She felt it deep inside her, the parts of her that hadn’t been the same in a long time. Her petals growing bitter and dry, falling little by little, day by day.
“It’s not gone forever.”
Jack had a way of knowing the questions that bit at her from a glance. “Around magicians like him, it might be,” he said, helping her to her feet. “But if you come back with me, it may not be too late. We can escape this.”
Two choices.
Both came with the promise of ruin, already in motion. Destruction reigned in the Court of Mirrors, crashing down all around her. People in tattered gowns and suits sprinted for the doors, birds wreaking havoc over their heads. Screams and hysterical crying in endless reels, the bursts of fire and collapsing chandeliers. And still, the creatures attacked. No end in sight.
A third choice.
“How can I stop this?”
His dark eyes flashed. “This only ends by giving them what they want, and that’s out of the question. You leave while you still can, that’s how you survive it.”
Something of a memory creeped over his face, killing the cowardice of the words. He ruled by necessity; survival from what, she didn’t know. “Tell me.” Her breath shook. “Because I’m not leaving. I can’t.”

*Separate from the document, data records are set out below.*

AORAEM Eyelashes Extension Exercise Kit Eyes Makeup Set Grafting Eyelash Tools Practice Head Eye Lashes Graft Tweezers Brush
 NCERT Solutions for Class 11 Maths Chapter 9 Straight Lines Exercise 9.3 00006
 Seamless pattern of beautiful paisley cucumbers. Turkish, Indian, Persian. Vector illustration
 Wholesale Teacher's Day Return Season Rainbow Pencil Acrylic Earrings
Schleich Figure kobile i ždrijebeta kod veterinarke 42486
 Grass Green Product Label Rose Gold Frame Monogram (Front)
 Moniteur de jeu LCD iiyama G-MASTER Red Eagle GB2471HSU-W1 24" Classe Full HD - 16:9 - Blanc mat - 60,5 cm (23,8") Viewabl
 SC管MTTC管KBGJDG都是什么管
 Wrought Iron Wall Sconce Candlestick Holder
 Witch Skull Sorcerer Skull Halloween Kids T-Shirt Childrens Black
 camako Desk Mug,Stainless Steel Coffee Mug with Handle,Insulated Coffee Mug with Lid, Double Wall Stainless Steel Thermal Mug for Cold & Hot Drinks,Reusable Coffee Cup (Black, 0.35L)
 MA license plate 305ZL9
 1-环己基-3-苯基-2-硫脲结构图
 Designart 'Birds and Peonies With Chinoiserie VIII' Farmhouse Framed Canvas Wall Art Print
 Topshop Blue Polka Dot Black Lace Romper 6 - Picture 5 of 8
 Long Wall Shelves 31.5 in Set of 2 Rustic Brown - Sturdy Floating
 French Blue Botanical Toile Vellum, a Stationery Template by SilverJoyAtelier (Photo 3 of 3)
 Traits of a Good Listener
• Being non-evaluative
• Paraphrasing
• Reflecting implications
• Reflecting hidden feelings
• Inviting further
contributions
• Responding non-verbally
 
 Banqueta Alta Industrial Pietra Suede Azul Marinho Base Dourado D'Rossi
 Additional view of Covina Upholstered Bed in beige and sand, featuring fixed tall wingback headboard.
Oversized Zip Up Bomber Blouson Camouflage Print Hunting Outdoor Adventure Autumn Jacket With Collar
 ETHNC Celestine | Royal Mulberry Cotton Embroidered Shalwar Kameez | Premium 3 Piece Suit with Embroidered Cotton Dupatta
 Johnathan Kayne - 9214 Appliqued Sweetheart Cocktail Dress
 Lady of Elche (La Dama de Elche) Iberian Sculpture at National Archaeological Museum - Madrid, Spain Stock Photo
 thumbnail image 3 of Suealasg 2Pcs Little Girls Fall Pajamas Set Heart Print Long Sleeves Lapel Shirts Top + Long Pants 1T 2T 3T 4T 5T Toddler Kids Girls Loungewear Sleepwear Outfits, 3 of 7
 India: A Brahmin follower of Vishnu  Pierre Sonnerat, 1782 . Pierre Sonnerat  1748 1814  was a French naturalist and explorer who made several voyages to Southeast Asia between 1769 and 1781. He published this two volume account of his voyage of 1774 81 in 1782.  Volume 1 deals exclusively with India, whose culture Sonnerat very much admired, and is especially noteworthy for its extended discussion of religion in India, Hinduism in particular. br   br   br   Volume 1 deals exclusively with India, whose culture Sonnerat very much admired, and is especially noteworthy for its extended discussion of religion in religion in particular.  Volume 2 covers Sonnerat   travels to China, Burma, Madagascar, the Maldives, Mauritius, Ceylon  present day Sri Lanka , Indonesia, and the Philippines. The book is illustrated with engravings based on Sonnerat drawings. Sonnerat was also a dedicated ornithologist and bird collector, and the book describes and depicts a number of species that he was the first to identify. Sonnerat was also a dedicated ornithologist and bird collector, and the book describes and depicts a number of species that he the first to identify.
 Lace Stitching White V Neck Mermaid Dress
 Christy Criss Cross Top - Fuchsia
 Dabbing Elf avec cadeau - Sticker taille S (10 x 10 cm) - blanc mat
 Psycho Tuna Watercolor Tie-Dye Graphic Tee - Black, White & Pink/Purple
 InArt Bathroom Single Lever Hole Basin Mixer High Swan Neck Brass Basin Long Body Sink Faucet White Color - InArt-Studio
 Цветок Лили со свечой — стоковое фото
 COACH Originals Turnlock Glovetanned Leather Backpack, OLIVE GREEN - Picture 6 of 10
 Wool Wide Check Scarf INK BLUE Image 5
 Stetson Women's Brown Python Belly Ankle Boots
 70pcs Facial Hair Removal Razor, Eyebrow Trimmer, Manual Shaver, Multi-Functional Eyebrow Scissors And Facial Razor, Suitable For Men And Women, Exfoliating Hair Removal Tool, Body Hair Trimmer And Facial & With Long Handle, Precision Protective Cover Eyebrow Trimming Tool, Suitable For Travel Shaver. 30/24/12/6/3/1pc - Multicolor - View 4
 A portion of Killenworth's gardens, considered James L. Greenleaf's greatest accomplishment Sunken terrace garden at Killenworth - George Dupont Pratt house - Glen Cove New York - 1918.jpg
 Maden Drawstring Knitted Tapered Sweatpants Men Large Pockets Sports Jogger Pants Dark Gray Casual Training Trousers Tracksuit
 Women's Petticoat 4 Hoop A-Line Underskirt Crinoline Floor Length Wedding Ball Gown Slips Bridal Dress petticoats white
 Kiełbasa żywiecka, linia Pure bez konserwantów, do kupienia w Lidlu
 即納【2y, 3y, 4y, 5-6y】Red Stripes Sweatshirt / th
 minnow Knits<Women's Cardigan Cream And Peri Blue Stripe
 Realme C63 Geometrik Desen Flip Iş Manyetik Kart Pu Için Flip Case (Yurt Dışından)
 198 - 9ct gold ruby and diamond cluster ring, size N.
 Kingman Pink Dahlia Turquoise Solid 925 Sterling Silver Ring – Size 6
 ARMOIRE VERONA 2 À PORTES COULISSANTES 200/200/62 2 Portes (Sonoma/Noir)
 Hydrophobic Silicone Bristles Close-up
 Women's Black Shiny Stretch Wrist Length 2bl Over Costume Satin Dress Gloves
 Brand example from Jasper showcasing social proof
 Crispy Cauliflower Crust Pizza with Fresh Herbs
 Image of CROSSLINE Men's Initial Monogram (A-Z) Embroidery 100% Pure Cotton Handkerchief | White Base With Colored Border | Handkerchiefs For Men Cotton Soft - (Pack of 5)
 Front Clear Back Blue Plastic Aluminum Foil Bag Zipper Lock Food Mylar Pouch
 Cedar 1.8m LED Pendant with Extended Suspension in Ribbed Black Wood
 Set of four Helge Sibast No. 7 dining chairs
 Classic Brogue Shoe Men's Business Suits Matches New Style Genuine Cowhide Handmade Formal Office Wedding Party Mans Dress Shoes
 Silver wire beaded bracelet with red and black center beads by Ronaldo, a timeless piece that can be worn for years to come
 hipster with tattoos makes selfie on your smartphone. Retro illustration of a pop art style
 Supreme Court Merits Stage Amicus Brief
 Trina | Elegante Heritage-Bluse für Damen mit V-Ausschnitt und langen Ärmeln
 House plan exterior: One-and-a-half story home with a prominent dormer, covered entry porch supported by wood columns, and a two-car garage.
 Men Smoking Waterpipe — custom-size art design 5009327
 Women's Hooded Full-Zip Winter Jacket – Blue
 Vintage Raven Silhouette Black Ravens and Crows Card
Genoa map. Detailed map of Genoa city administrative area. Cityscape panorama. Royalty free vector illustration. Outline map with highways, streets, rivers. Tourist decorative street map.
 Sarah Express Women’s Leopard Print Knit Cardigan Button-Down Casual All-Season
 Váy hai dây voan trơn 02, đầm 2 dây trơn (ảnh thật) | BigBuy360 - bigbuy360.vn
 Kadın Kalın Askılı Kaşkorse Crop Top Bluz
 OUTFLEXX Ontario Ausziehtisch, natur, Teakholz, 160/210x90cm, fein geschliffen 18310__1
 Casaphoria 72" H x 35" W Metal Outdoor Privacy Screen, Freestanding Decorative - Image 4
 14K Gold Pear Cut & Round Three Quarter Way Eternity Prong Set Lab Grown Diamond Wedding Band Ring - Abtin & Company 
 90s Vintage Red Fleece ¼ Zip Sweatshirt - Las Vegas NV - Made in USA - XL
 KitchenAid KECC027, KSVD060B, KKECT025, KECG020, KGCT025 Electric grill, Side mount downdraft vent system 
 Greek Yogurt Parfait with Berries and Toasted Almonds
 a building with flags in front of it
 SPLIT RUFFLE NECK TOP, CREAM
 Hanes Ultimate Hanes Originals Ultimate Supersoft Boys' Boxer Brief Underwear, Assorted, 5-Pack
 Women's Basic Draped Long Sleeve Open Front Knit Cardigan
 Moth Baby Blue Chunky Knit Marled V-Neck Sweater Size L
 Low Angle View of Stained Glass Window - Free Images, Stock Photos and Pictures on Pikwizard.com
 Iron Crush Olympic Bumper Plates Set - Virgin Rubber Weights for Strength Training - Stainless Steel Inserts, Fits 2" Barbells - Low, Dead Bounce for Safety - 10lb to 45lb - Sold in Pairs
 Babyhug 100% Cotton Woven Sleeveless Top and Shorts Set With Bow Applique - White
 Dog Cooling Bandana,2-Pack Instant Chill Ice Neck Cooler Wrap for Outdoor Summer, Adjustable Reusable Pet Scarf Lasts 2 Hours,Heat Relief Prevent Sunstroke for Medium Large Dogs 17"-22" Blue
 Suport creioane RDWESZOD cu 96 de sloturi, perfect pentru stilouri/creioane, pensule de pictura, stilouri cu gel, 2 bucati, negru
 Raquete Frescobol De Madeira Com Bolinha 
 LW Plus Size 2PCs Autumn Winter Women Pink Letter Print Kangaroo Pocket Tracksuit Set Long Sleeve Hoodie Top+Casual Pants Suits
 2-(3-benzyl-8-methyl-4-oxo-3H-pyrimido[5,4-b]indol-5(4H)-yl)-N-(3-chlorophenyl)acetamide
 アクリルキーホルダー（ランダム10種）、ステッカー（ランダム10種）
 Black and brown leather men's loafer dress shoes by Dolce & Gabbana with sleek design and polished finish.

“I’ll figure something out. Just let me…” He raked a hand through his hair, glowering at Demarco. At the mayhem all around them. “You deserve more than this, firecrown. More than him, more than this place and its people.”
She laughed, bitterly. Even when she could barely stand, he still managed to uphold her as someone with power, worthy of more. “You can always leave,” she said. “You don’t even have to watch if you don’t want to.”
“You don’t have to save them.” His scowl deepened at her suggestion. “Save yourself first, Kallia. That’s the only way out.”
And the loneliest. All too sharply, she remembered how alone she felt the night she left Hellfire House. When she’d had nothing to lose, nothing real of her own—the choice had been so easy. She’d needed no one else but herself, her power. Like she was always taught.
Then the others came.
Aaros and Canary.
The Conquering Circus and Ira.
Demarco.
Turning slowly, she glanced at him. It hurt to look at him now, at any of them. All trapped here, same as she was, but she knew cages. She’d grown up behind bars all her life, and had escaped one before.
She could escape again, with more power this time.
“No.” She spun around, facing Jack. No more running, no more hiding. “It’s not.”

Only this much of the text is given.